Record extracts:

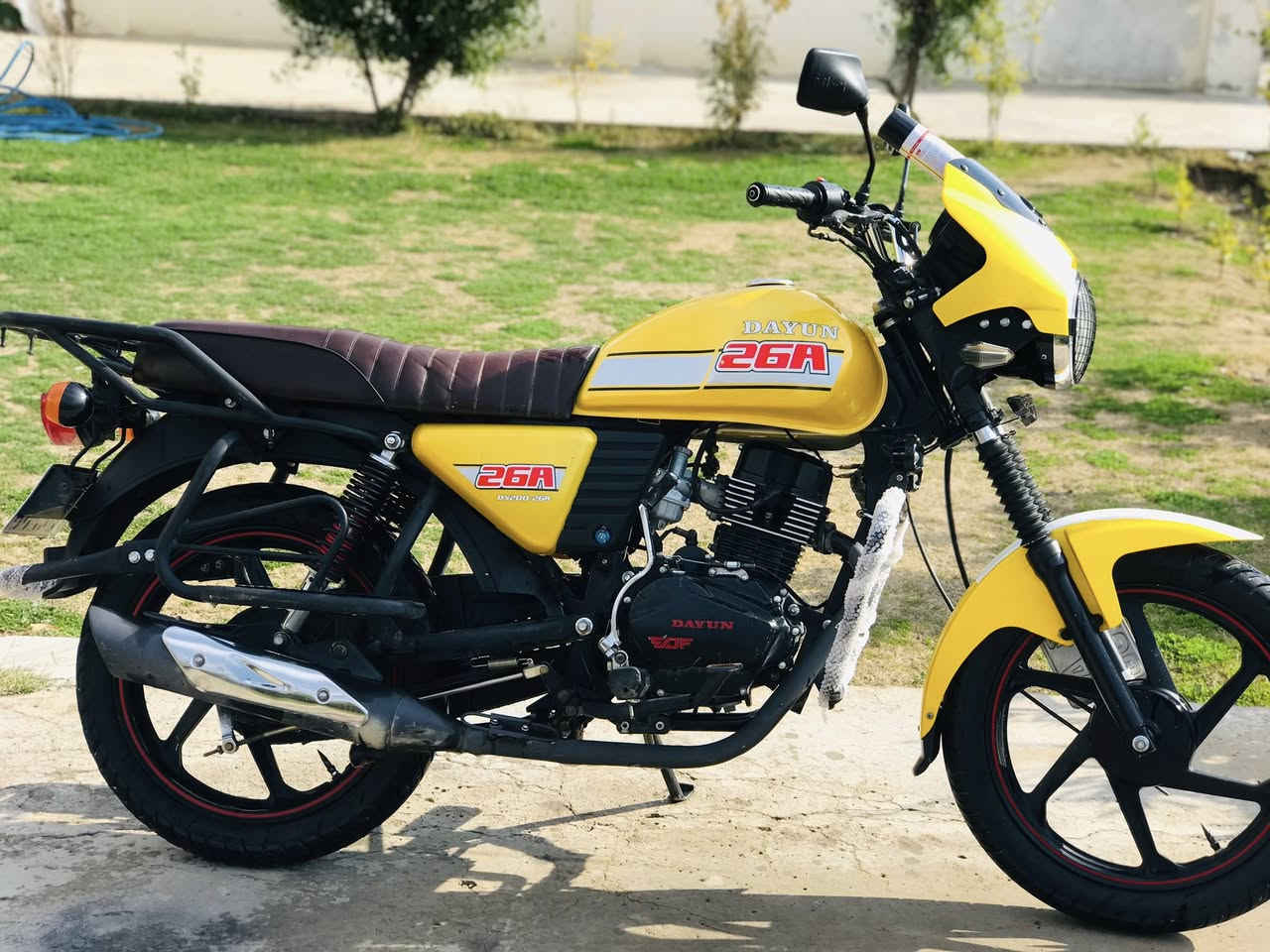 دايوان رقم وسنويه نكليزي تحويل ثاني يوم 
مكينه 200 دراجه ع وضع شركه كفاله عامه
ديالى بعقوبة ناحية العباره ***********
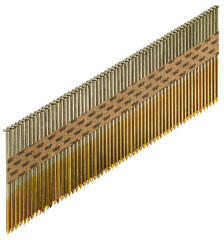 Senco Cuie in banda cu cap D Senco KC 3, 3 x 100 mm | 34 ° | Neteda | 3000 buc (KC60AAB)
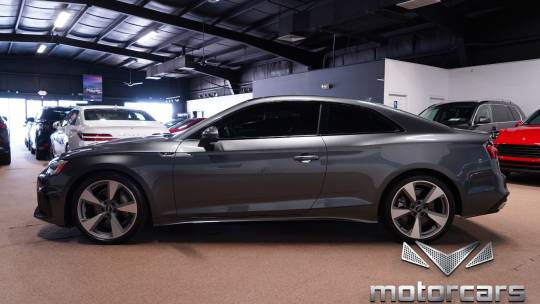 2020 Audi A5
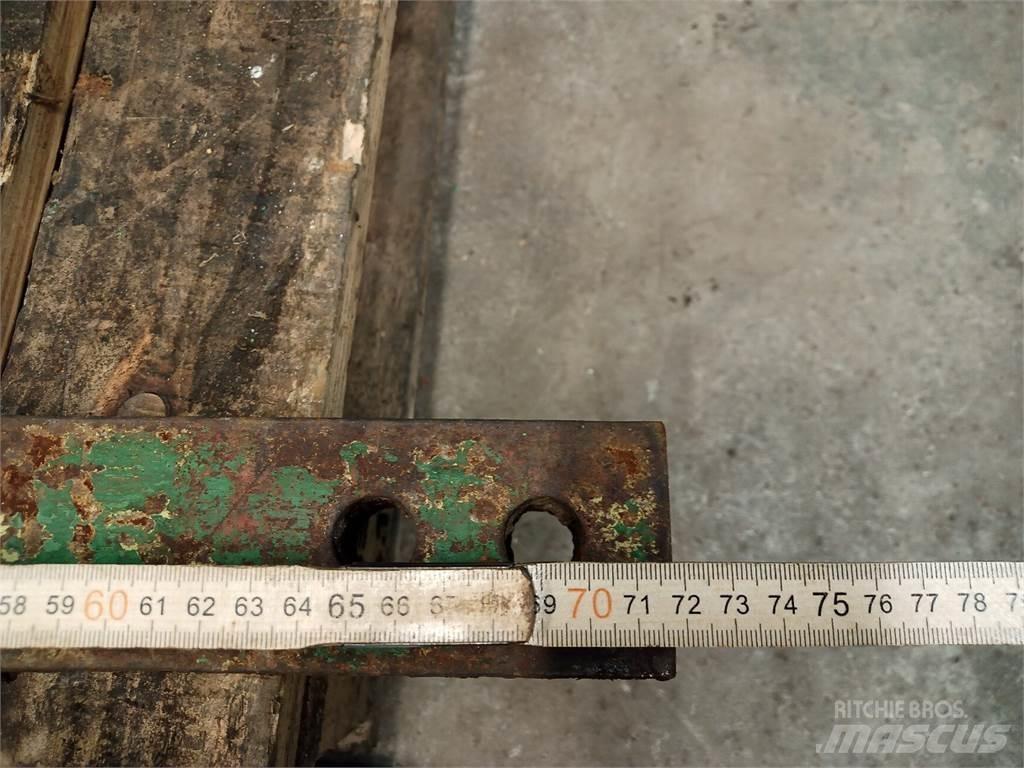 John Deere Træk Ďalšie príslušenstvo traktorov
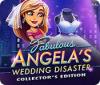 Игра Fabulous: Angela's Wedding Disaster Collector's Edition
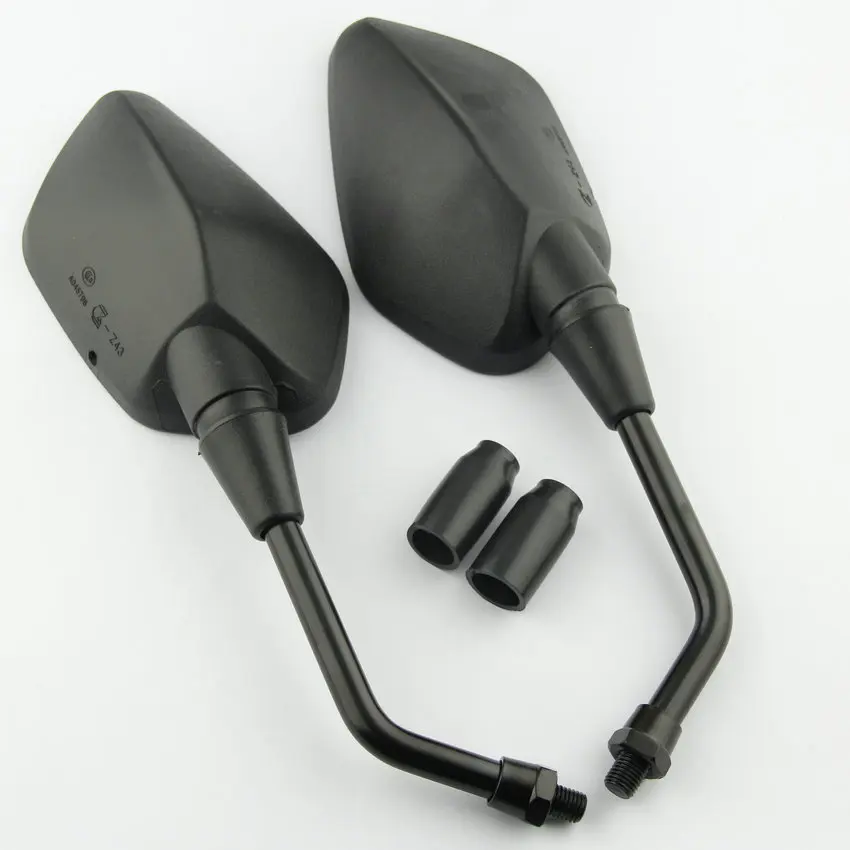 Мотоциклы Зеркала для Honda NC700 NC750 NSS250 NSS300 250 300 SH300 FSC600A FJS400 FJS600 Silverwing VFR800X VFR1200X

How to complete this task:
Give back the full listing word for word, with the pictures left out.

Your response:
 دايوان رقم وسنويه نكليزي تحويل ثاني يوم 
مكينه 200 دراجه ع وضع شركه كفاله عامه
ديالى بعقوبة ناحية العباره ***********
 Senco Cuie in banda cu cap D Senco KC 3, 3 x 100 mm | 34 ° | Neteda | 3000 buc (KC60AAB)
 2020 Audi A5
 John Deere Træk Ďalšie príslušenstvo traktorov
 Игра Fabulous: Angela's Wedding Disaster Collector's Edition
 Мотоциклы Зеркала для Honda NC700 NC750 NSS250 NSS300 250 300 SH300 FSC600A FJS400 FJS600 Silverwing VFR800X VFR1200X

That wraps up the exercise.